As a young professional, you have millions of dreams: You want to buy a car and a house, holiday at exotic locations, and fulfil the expectations of your family. However, there is a financial cost attached to all these dreams for which you need to invest and save.
The three traditional thumb rules of investment are: start early, diversify your portfolio and take risks. While there is nothing inaccurate about these financial mantras, when you have just started a new job, or are dissatisfied with the current job, or you’re coping with unemployment and have debts to repay, financial planning may be the last thing on your mind. The good news is that in spite of your circumstances, there is a way to invest wisely and meet your financial goals.
Here is a basic guide to making investing a simple affair for young professionals.
Prioritize Monthly Spends
“I don’t know how much to save, so I end up spending more.”
If you are in a similar dilemma, follow Warren Buffet’s advice: don't save what is left after spending; spend what is left after saving. Before the fifth of every month, put all your expenses in two buckets: priority (for example, rent, EMI, utility bills or household expenses) and non-essentials (for example, entertainment, travel, etc). This budgeting will help you spend only on what is necessary and save the rest.
Maintain at least Two Different Bank Accounts
It is a natural tendency to spend more when you see a higher bank balance.

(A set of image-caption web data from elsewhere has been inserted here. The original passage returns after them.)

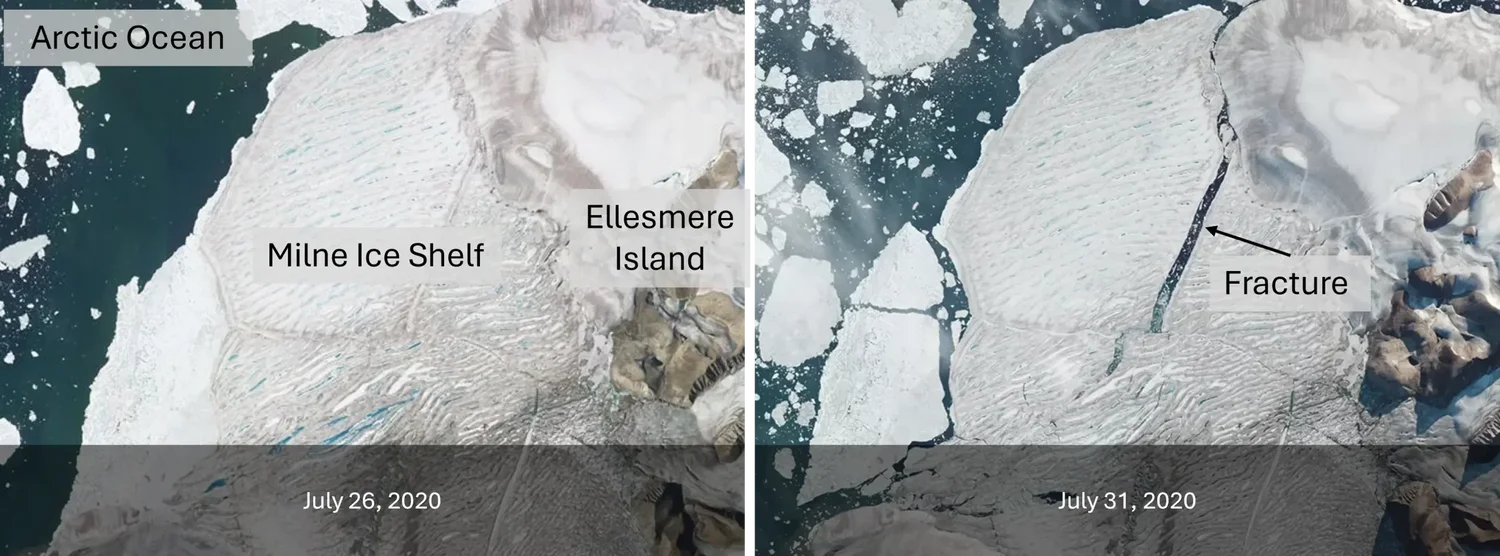 Satellite imagery showing changes to the Milne Ice Shelf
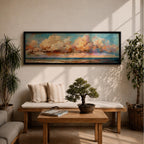 Panoramic coastal painting featuring dramatic sunset clouds above the ocean horizon with waves along a sandy beach, rendered in warm pastel sky tones and textured brushstrokes creating a peaceful seaside landscape.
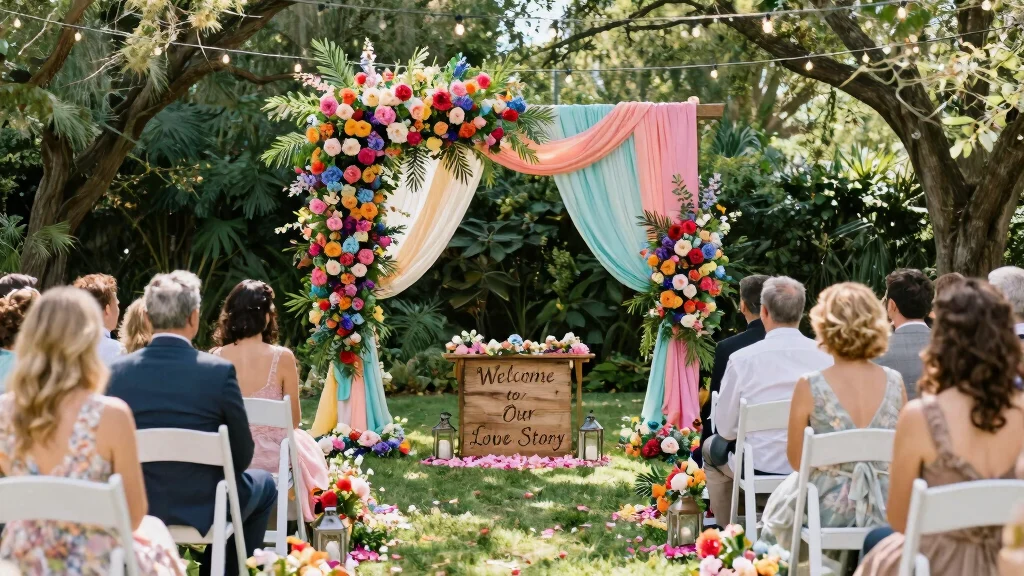 17 Colorful Wedding Arch Ideas That Pop Beautifully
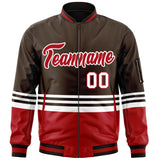 Custom Full-Zip Color Block Letterman Bomber Jacket Stitched Name Number Logo Unisex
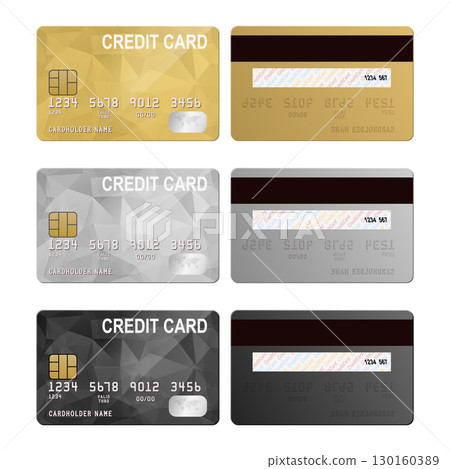 Vector Credit Card Set. Realistic Credit Card Collection, Plastic Credit Card Mockup in Gold, Silver and Black, Isolated Payment Cards for Banking, Finance and Online Shopping Illustration Vector Credit Card Set. Realistic Credit Card Collection, Plastic Credit Card Mockup in Gold, Silver and Black, Isolated Payment Cards for Banking, Finance and Online Shopping Illustration 130160389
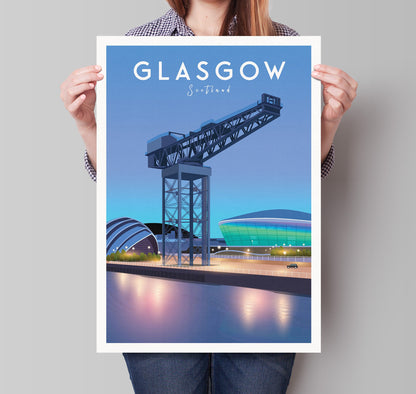 Glasgow Finnieston Travel Poster - Glasgow Print - Scottish Wall Art - Historical Landmark - Crane - SEC Armadillo - The Clyde Auditorium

You can keep this habit at bay by maintaining two different bank accounts; one for regular expenses and the other to grow your nest egg. As soon as you get your paycheck, put around 20-25% of it straight into your investment account. Even if there are no earnings for a few months, try not to touch your nest egg.
Plan Your Taxes Ahead
Only fools rush their tax planning at the last moment. By doing your tax planning at the beginning of the financial year, you can save a good amount of money in the form of higher tax refunds, reducing tax penalties and earning more interest on investments. Let’s say, if you invest in a tax-saving instrument in April 2018, the money will have one year to grow and fetch a higher interest compared to investing it in the last quarter of the financial year. The saved amount of taxes can be utilised towards further re-investment.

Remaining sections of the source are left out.